Having established a company, founders should think about their intellectual property rights protection. Your first priority is to conduct online searches to find out what is already ‘taken’ by others in your chosen industry and key territories. Being mindful of what’s already out there will hopefully avoid disputes or the need to undertake an expensive re-brand further down the line. Bear in mind it’s not just identical marks you need to steer clear of; someone with a confusingly similar mark and operating in the same field, might be able to prevent you using your chosen brand.
Trade mark registrations are valuable monopolies and give the right to use a name or logo for specific products or services to the exclusion of others. This helps build brand identity, reputation and value. You should consider applying for a registration in your focus countries (eg the UK, or an EU-wide right). Simply registering a domain name for your chosen name is unlikely to give you rights that you can rely upon in contrast to a third party with a trade mark registration: the domain name being available is unfortunately not a reliable green light.
In addition to brands, certain new inventions can be protected by filing for patents.
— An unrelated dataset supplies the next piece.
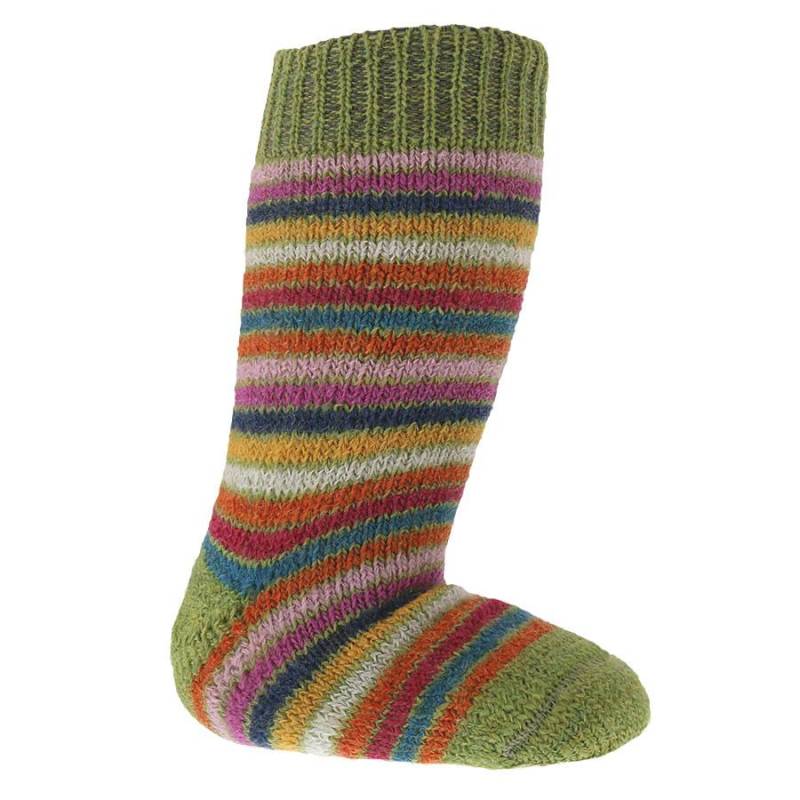 Lange Vollplüsch Socken Wolle warm dick grün 33/34 Lange Vollplüsch Socken Wolle warm dick grün 33/34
Like trade marks, patents are jurisdictional and enforceable in only those countries where you obtain a patent. They give you a 20-year-right to stop third parties carrying out the invention you describe. Unfortunately, patents are expensive to obtain (unlike trade marks) and difficult to get for software inventions (especially in Europe). Filing for a patent requires you to disclose your idea to the world, but it may be preferable to rely on keeping your invention secret.
Feeling ready to take your idea to market? Pause and don’t rush into opportunities. Before discussing opportunities with suppliers or customers, it’s advisable to consider a confidentiality agreement. It obligates both parties to keep discussions confidential; facilitating open dialogue in a safe environment to get the best outcome for both parties.
It’s important to draft terms and conditions to govern the sale of your product or the supply of your service. Terms and conditions should at the very least:
- set clear rights and obligations for both parties, including how you will deliver the products or provide the services, and any payment obligations on the customer;
- allocate liability for when things go wrong, and how and where the parties will resolve disputes (ideally in the English courts); and
- cover provisions such as how the parties can terminate the contract (if perhaps the interests of the parties change), and what law will apply to your agreement (English law is a safe bet).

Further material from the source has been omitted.